● What is being asked
Using the records below, repeat exactly the lines from the one holding "Opel Vectra B" through the one holding "Sofa mini phù", both ends included, and no others.

● Supplied data
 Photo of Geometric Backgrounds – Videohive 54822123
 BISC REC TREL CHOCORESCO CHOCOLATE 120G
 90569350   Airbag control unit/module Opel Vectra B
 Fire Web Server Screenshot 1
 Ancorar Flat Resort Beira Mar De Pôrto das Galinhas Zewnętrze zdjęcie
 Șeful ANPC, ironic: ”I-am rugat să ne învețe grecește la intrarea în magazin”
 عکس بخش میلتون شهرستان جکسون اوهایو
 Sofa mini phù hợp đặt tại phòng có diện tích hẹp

---

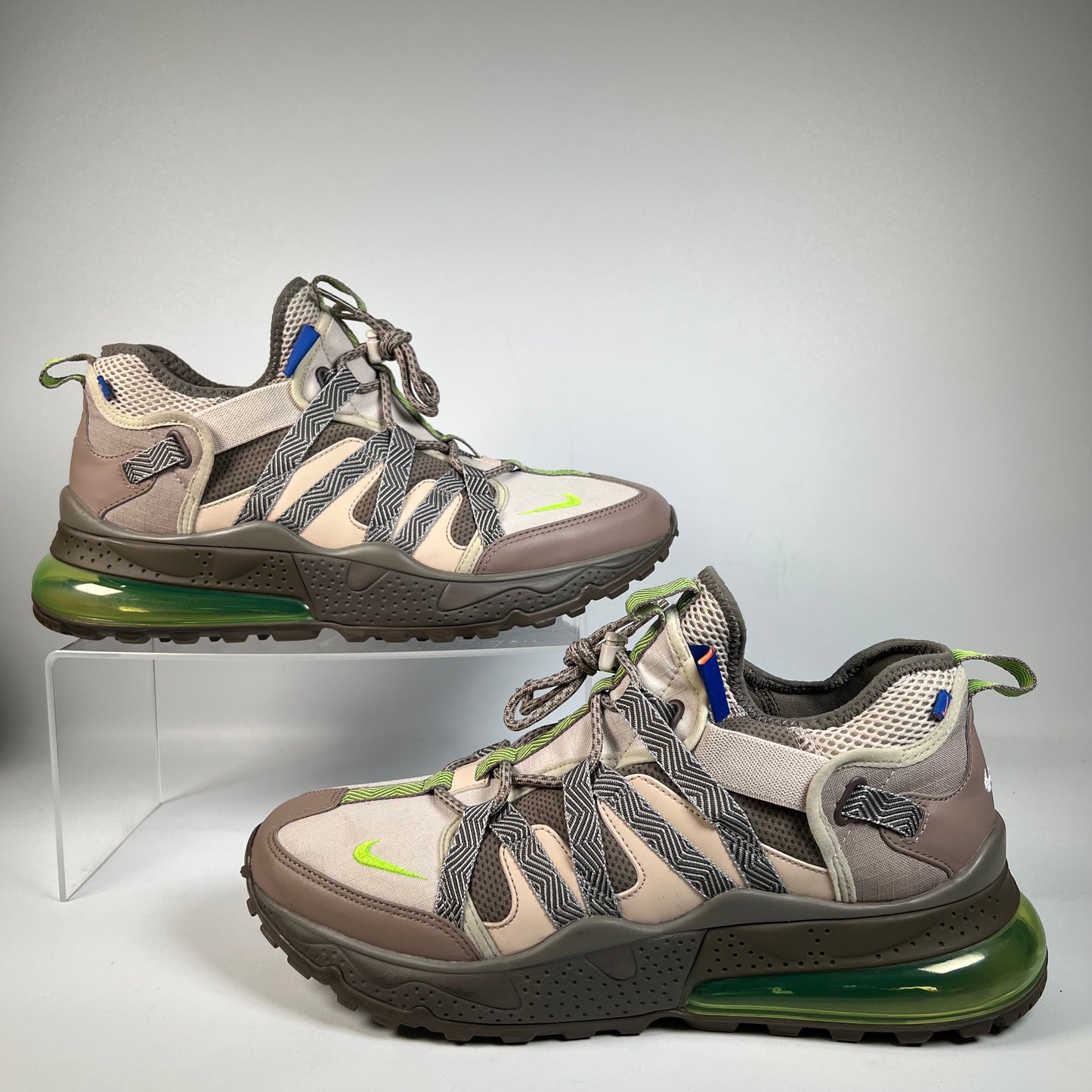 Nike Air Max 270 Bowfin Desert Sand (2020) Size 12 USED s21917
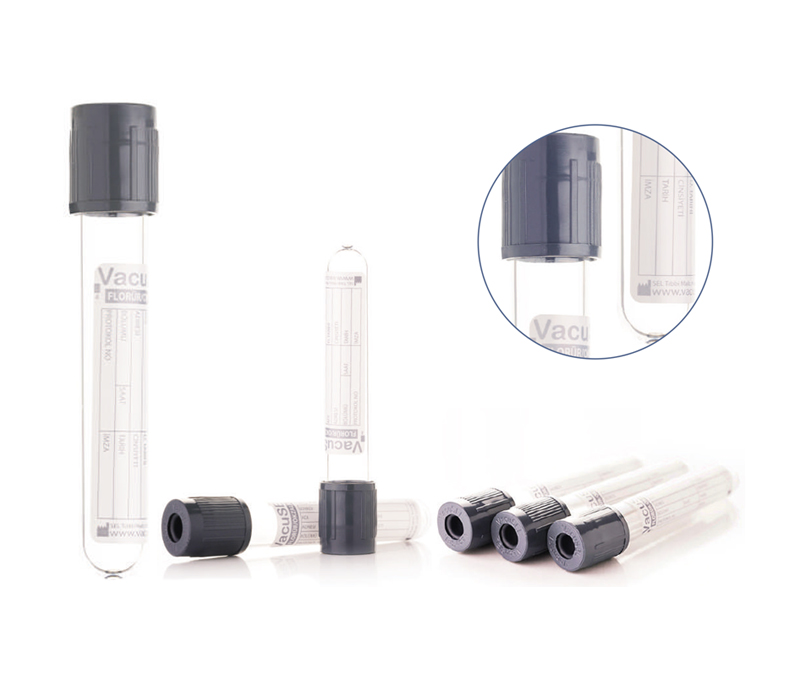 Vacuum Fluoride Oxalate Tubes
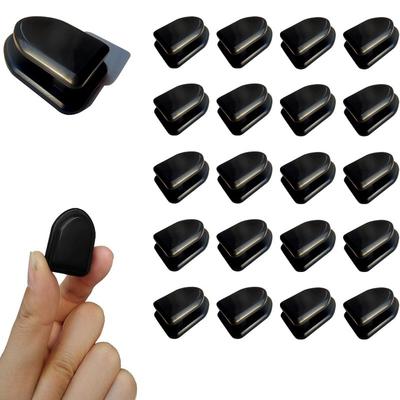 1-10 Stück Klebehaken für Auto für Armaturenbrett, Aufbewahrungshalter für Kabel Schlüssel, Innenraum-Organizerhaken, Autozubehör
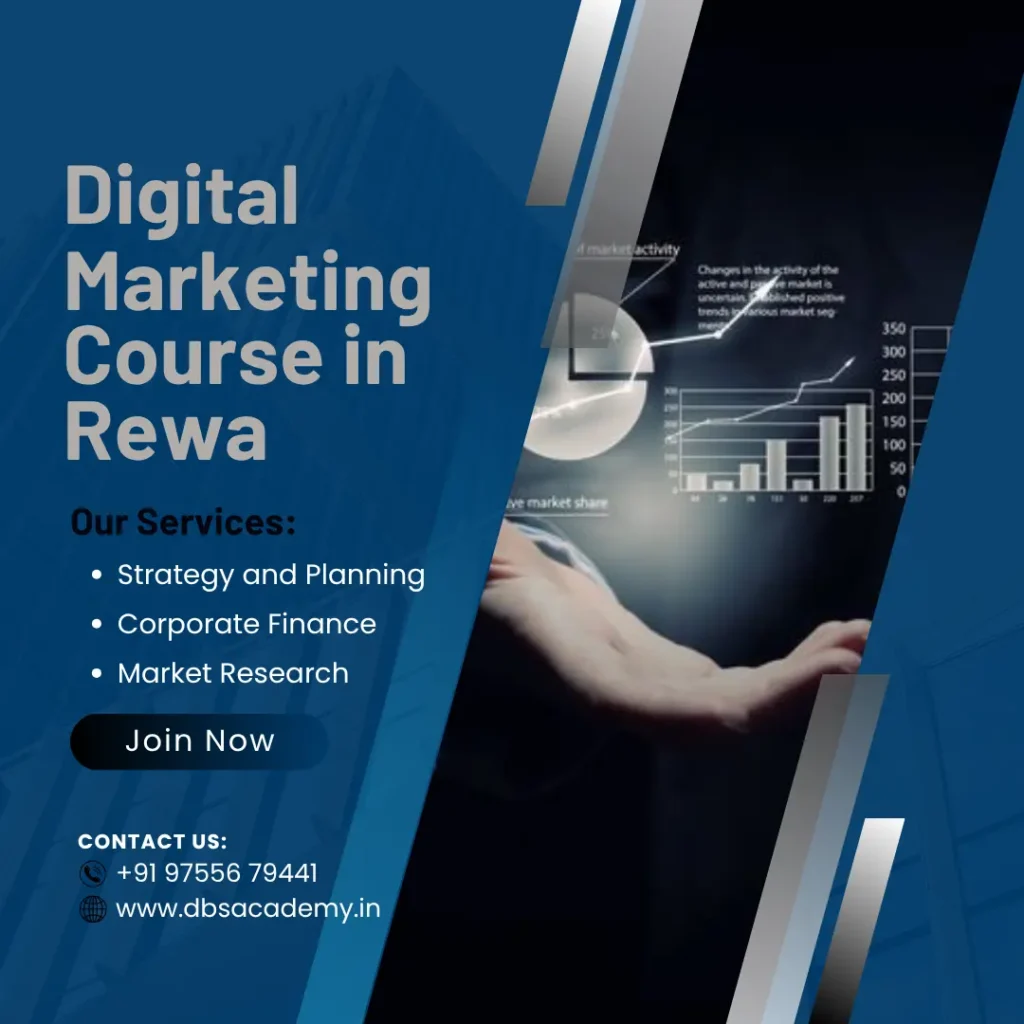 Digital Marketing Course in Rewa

● Answer space
 90569350   Airbag control unit/module Opel Vectra B
 Fire Web Server Screenshot 1
 Ancorar Flat Resort Beira Mar De Pôrto das Galinhas Zewnętrze zdjęcie
 Șeful ANPC, ironic: ”I-am rugat să ne învețe grecește la intrarea în magazin”
 عکس بخش میلتون شهرستان جکسون اوهایو
 Sofa mini phù hợp đặt tại phòng có diện tích hẹp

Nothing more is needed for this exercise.